Ellery waved his hand. “It doesn’t matter. Whatever they are, these women consider them frightfully important. But there’s something even more interesting about the situation. Has it occurred to you to wonder why Marco wanted Mrs. Constable and Mrs. Munn here?”

“The sadistic impulse, I suppose. But no— With a man of Marco’s calibre...”

“There, you see?” said Ellery sadly. “That’s the sort of mess psychology gets you into. Sadism! No, no, Solon; something much less subtle than that... Blackmail.”

Judge Macklin stared. “Thunder, yes! I’m fogged tonight. Love-letters-blackmail. They go together, true enough.”

“Precisely. And getting the three victims together suggests that the gentleman was setting himself for — what?”

“The ‘clean-up’ he began to write about to Penfield in that letter when he was murdered!”

Ellery frowned. “From that point, it was child’s play. These women have been desperate, the three of them. Marco would not be a piker; not he, from what we’ve been able to piece together about him. If he demanded blackmail, it must have run into money. He may have been too greedy; probably was. The result was a temporary stalemate, during which some one obligingly snuffed out his worthless life. But the proofs — the letters, whatever they are — still existed. Where were they?” Ellery lit another cigaret. “I saw then that these women would take any chance to get them back. They would move heaven and earth to find them. The most logical place to search would be Marco’s room. Consequently,” he sighed, “I suggested that friend Roush indulge his need for slumber.”

“I hadn’t thought of blackmail,” confessed the old gentleman, “but I did see — after the event — what these women must have been looking for in Marco’s room.

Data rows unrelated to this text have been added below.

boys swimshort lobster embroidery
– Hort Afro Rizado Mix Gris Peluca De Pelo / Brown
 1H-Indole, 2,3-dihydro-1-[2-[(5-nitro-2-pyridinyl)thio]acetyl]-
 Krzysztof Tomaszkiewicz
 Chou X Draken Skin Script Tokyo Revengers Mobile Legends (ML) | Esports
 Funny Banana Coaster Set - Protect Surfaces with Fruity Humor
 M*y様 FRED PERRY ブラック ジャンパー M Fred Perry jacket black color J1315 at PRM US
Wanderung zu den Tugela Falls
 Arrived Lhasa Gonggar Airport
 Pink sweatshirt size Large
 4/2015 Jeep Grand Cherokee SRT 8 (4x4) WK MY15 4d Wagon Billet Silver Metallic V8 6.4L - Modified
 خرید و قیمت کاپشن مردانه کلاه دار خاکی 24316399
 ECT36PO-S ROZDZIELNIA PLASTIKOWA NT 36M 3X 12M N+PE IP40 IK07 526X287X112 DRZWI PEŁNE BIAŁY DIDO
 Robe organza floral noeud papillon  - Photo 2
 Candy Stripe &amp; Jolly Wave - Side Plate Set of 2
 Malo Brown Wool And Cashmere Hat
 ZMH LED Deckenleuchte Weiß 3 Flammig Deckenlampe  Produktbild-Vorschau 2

Good heavens!” He sat up suddenly in bed.

“What’s the matter?”

“Mrs. Godfrey! Certainly she wouldn’t allow an opportunity like this one, tonight, to pass! Was she present when you dropped the hint about the room’s being left unguarded?”

“She was.”

“Then she’ll be looking—”

“She has, Oscar, she has,” said Ellery mildly. He rose and stretched his arms. “Lord, I’m fagged! I believe I’ll go back to bed. And you’d better do the same.”

“You mean,” cried the Judge, “that Mrs. Godfrey has already searched the room next door tonight?”

“At exactly one o’clock this morning, my dear sir. Odd — just twenty-four hours after her most prominent guest departed this life. Oh, well, that’s just a delicate touch of Mother Coincidence’s. I was at that convenient balcony-window. I will say that she was more scrupulous about it than the impetuous Mrs. Munn. Left the place neat as whisky.”

“Then she’s found them!”

“No,” said Ellery, going to the communicating door, “she has not.”

“But that means—”

“That means they aren’t there.”

The Judge gnawed his upper lip in exasperation. “But how in the name of the thousand devils can you know that so positively?”

“Because,” said Ellery with a sweet smile, opening the door, “at twelve-thirty precisely I searched the room myself. Now, now, Solon, you’ll work yourself into a fever. Off to sleep with you! You’ll need all the rest you can get. I have the feeling that tomorrow will bring a celestial display of fireworks.”